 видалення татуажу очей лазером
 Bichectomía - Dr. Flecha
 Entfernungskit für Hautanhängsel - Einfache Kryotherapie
_ _ _ _
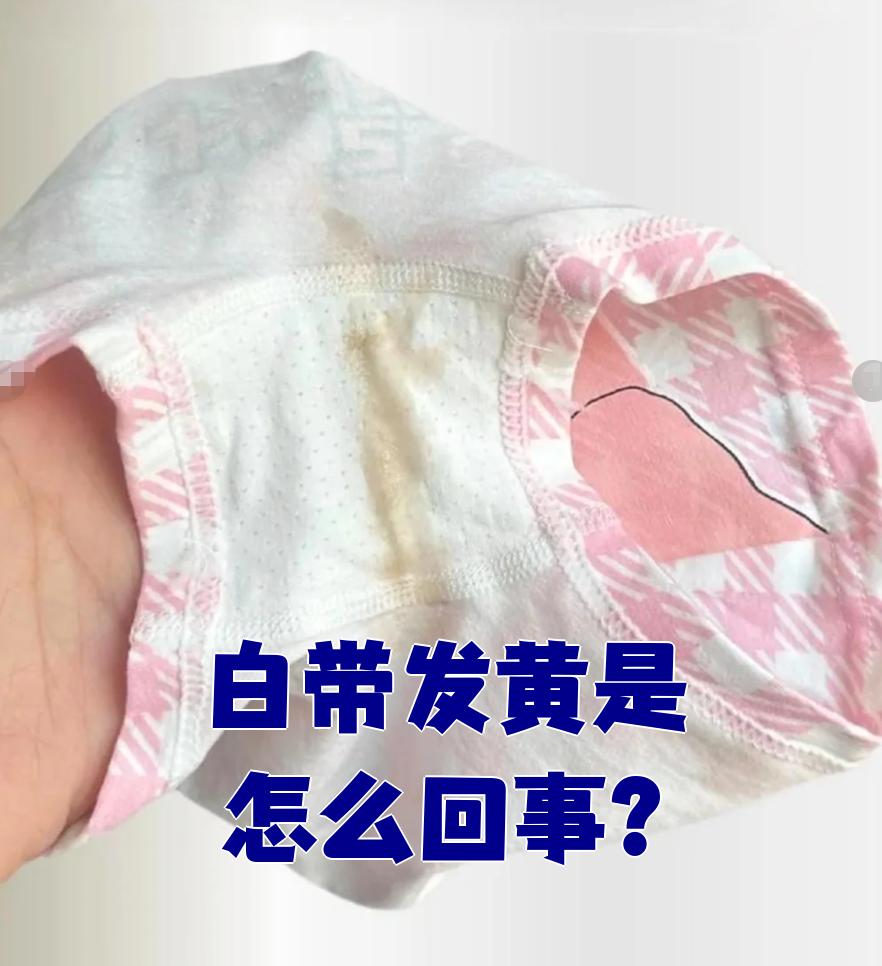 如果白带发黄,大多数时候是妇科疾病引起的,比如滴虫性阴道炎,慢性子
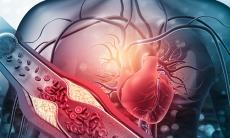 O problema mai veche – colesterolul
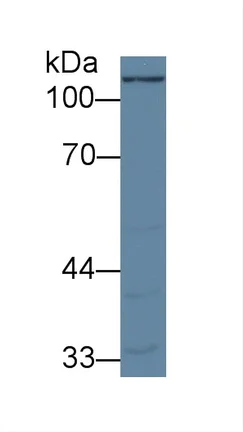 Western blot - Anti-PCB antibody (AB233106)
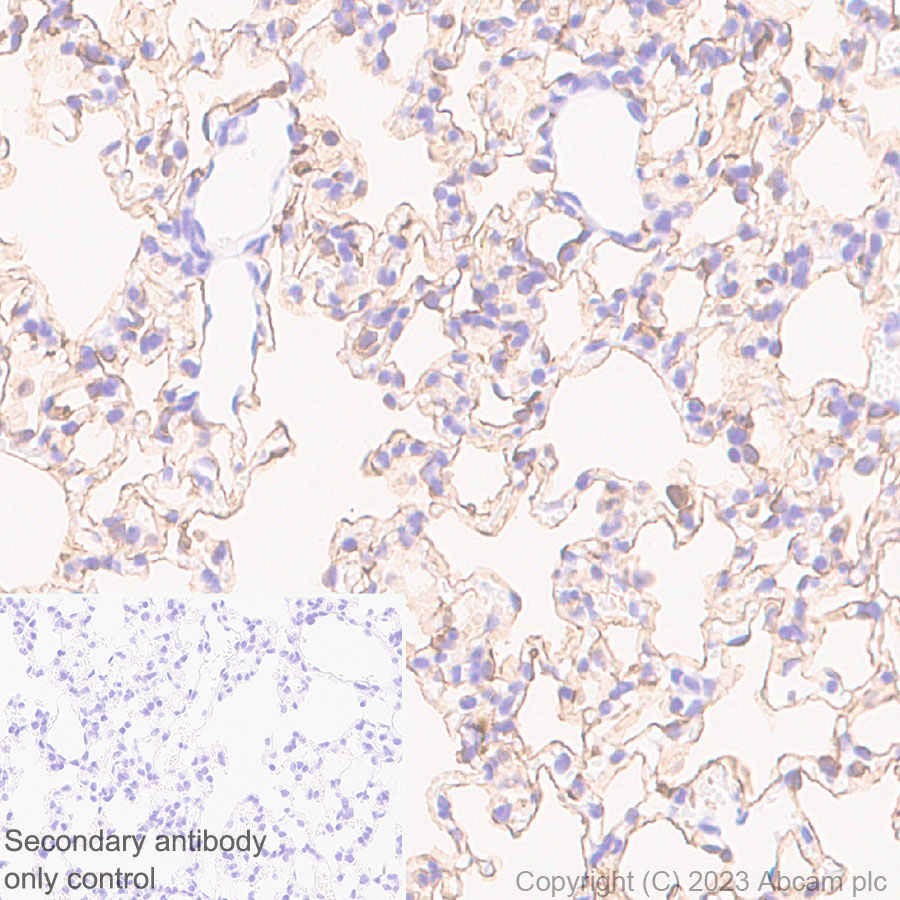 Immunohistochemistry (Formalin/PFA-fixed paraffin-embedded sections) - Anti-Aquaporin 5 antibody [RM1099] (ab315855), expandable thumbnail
_ _ _ _
__Exercise__: For this exercise, return exactly the lines above from the line with "Western blot - Anti-PCB antibody (AB233106)" through the line with "Immunohistochemistry (Formalin/PFA-fixed paraffin-embedded", both included. Do not copy the pictures.

__Solution to this exercise__:
 Western blot - Anti-PCB antibody (AB233106)
 Immunohistochemistry (Formalin/PFA-fixed paraffin-embedded sections) - Anti-Aquaporin 5 antibody [RM1099] (ab315855), expandable thumbnail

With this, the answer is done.